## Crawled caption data
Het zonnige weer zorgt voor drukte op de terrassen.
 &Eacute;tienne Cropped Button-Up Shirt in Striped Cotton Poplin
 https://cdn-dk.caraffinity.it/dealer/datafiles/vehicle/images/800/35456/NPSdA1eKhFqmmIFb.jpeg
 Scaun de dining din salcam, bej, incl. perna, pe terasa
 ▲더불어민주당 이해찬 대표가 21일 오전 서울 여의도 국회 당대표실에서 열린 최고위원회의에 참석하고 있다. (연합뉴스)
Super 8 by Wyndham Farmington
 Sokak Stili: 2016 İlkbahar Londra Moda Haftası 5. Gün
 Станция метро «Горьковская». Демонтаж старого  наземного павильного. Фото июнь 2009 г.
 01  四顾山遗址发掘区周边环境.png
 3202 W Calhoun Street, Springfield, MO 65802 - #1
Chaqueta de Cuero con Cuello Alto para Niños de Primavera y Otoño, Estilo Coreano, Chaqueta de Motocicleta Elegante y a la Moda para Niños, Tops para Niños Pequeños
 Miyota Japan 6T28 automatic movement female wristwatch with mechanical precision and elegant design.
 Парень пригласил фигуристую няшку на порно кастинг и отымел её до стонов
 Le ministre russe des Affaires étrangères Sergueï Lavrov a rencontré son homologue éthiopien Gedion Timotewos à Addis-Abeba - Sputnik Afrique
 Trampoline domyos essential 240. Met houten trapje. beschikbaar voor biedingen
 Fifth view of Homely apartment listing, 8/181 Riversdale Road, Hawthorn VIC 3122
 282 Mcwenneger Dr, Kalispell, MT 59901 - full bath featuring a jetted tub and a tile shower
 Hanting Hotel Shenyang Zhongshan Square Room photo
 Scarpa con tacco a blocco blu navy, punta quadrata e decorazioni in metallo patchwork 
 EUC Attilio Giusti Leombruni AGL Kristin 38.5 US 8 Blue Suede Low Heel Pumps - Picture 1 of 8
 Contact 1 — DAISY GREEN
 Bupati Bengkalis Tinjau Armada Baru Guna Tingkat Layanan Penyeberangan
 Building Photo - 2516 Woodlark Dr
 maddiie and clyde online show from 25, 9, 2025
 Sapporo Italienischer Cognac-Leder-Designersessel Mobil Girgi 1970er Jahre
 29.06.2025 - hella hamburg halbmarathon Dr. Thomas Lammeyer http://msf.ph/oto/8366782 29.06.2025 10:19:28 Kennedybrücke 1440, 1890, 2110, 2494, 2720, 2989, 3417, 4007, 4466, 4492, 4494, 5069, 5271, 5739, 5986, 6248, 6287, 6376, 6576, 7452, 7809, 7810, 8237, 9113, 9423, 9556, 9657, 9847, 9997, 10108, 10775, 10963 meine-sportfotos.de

## Task details
Each line in the data that holds the word "Moda" must be copied.

## The completed task
 Sokak Stili: 2016 İlkbahar Londra Moda Haftası 5. Gün
Chaqueta de Cuero con Cuello Alto para Niños de Primavera y Otoño, Estilo Coreano, Chaqueta de Motocicleta Elegante y a la Moda para Niños, Tops para Niños Pequeños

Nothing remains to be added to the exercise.